**TASK GOAL**
Look through the records below for the line with "A.L.I　ハードキャリー GALE ターコイズブルー" and the line with "Shiseido The Skincare", then return those lines and all lines between, exactly.

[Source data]
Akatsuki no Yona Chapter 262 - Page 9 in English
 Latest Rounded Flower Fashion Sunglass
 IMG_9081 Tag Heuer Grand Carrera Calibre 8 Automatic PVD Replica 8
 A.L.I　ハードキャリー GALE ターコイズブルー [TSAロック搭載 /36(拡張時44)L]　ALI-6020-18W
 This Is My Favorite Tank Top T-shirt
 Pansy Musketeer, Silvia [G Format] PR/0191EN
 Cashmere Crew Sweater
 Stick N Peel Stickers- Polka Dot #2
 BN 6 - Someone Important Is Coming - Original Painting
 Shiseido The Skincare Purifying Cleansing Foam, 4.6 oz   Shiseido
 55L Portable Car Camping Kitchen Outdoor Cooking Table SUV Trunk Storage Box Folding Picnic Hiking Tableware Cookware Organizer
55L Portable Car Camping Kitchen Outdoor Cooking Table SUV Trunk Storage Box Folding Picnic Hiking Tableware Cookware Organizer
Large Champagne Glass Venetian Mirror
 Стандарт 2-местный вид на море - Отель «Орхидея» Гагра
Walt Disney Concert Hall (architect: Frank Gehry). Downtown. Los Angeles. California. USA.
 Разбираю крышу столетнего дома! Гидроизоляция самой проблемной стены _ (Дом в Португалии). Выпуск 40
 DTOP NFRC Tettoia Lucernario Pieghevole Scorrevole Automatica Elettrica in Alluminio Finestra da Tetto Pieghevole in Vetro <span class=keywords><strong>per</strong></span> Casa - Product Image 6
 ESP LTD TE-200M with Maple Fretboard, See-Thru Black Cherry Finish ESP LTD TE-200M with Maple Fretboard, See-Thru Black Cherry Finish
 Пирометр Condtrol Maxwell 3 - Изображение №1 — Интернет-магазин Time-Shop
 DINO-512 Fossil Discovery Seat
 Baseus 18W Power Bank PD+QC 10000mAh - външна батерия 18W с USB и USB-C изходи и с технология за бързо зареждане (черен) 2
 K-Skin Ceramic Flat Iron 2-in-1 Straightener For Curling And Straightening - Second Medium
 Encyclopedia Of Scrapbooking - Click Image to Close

**ANSWER BOX**
 A.L.I　ハードキャリー GALE ターコイズブルー [TSAロック搭載 /36(拡張時44)L]　ALI-6020-18W
 This Is My Favorite Tank Top T-shirt
 Pansy Musketeer, Silvia [G Format] PR/0191EN
 Cashmere Crew Sweater
 Stick N Peel Stickers- Polka Dot #2
 BN 6 - Someone Important Is Coming - Original Painting
 Shiseido The Skincare Purifying Cleansing Foam, 4.6 oz   Shiseido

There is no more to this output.